Par leurs conclusions n°4, entrées au RPVA le 21 novembre 2022, M. [N] [U], M. [K] [H], M. [V] [C] et M. [W] [M] demandent chacun :

– qu’il soit dit que la SAS Fiducial Private Security est leur employeur depuis le 1er juillet 2015 et que leur licenciement pour faute grave est nul et à tout le moins sans cause réelle et sérieuse,

– que le jugement soit confirmé sur le principe du transfert ;

EN CONSEQUENCE, A TITRE PRINCIPAL, DE:

– ordonner la poursuite du contrat de travail à compter du 1er juillet 2015 dans les conditions contractuelles, sous astreinte de 100 euros par jour de retard, à compter de la notification de l’arrêt, la Cour se réservant le soin de liquider l’astreinte,

– ordonner la remise d’un avenant au contrat de travail conforme à l’article 3.1.1, de l’avenant du 28 janvier 2011 à l’accord du 5 mars 2002 relatif à la reprise du personnel, sous astreinte de 100 euros par jour de retard à compter de la notification de l’arrêt, la Cour se réservant le soin de liquider l’astreinte,

– condamner la société à payer un rappel de salaire de juillet 2015 à août 2021 (juillet 2021 pour M. [C]), ainsi que les congés payés afférents,

– ordonner la reprise du versement du salaire à compter du 1er septembre 2021 (1er août 2021 pour M . [C]) jusqu’à la réintégration effective du salarié, sous astreinte de 100 euros par jour de retard, à compter de la notification de l’arrêt, la Cour se réservant le soin de liquider l’astreinte,

– ordonner la remise des bulletins de salaire depuis juillet 2015, sous astreinte de 100 euros par document et par jour de retard, à compter de la notification de l’arrêt, la Cour se réservant le soin de liquider l’astreinte,

– condamner la société à 50 000 euros de dommages et intérêts pour inexécution du contrat de travail ;

A TITRE SUBSIDIAIRE DE :

– condamner la société à payer un rappel de salaire de juillet 2015 à août 2021 (juillet pour M. [C]), ainsi que les congés payés afférents,

– ordonner la remise des bulletins de salaire depuis juillet 2015 jusqu’au licenciement, sous astreinte de 100 euros par document et par jour de retard, à compter de la notification de l’arrêt, la Cour se réservant le soin de liquider l’astreinte,

– condamner la société à 50 000 euros de dommages et intérêts pour inexécution du contrat de travail,

– juger le licenciement sans cause réelle et sérieuse et condamner la société à payer l’indemnité compensatrice de préavis et les congés payés afférents, l’indemnité légale de licenciement et une indemnité pour licenciement sans cause réelle et sérieuse,

– ordonner la remise des documents de fin de contrat (certificat de travail et attestation Pôle Emploi) rectifiés, sous astreinte de 100 euros par jour de retard, à compter de la notification de l’arrêt, la Cour se réservant le soin de liquider l’astreinte,

EN TOUT ETAT DE CAUSE DE :

– condamner la société à 8 000 euros au titre de l’article 700 du code de procédure civile,

– dire que les créances salariales porteront intérêts à compter de la réception de la convocation par l’employeur devant le bureau de conciliation et ordonner la capitalisation des intérêts,

– laisser les dépens à la Société.

Il convient de se reporter à chacune des conclusions pour connaître le détail des montants chiffrés réclamés par chaque salarié.

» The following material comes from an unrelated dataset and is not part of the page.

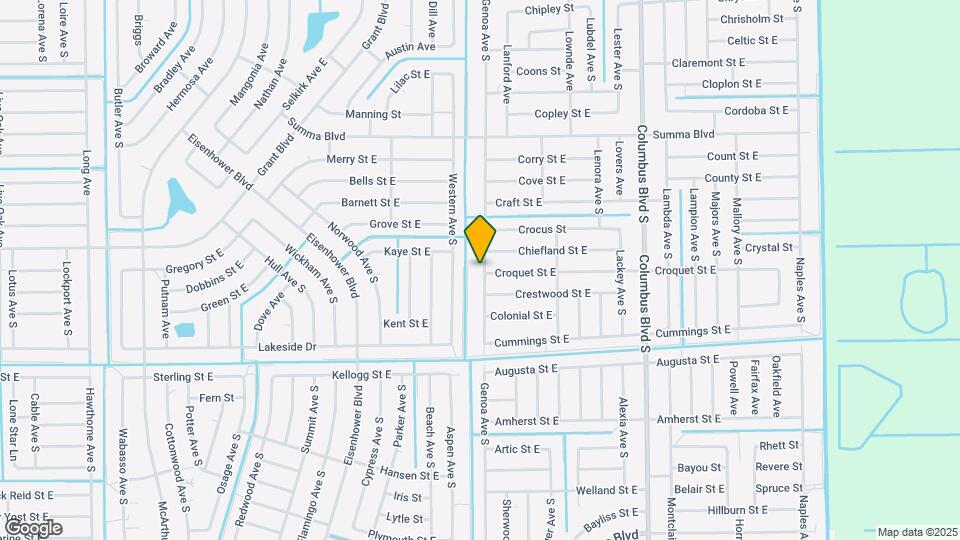 444 Genoa Ave S Map and Location Details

Par conclusions récapitulatives suite à arrêt avant-dire droit datées du 22 novembre 2022, entrées au RPVA le 24 novembre 2022, la SAS Fiducial Private Security demande pour chaque salarié:

– De lui donner acte de ce qu’elle a admis devoir proposer un avenant conforme à effet rétroactif au 1er juillet 2015, qui a été refusé,

– De juger que le salarié a refusé le transfert de son contrat de travail avec toute conséquence de droit, ce refus privant celui-ci du droit de réclamer le paiement des salaires à compter du 1er juillet 2015,

Subsidiairement,

– De déduire de la demande de rappel de salaire les revenus de remplacement perçus par le salarié de 2015 à aujourd’hui (pour M. [U] de le débouter de sa demande après déduction) ;

– De débouter le salarié de sa demande de dommages et intérêts pour inexécution du contrat de travail ;

– De juger satisfactoire l’émission d’un bulletin de salaire récapitulatif,

– De juger que le licenciement repose sur une faute grave et que le salarié soit débouté de ses demandes liées au licenciement,

– De statuer ce que de droit quant aux dépens.

Les parties ont repris oralement leurs conclusions écrites respectives à l’audience de plaidoirie du 28 novembre 2022.

Il convient en application de l’article 455 du code de procédure civile de se référer aux conclusions respectives des parties pour un plus ample exposé de leurs moyens et prétentions.

MOTIFS

Sur le transfert des contrats de travail

Selon l’article L 1224-1 du code du travail, l orsque survient une modification dans la situation juridique de l’employeur, notamment par succession, vente, fusion, transformation du fonds, mise en société de l’entreprise, tous les contrats de travail en cours au jour de la modification subsistent entre le nouvel employeur et le personnel de l’entreprise.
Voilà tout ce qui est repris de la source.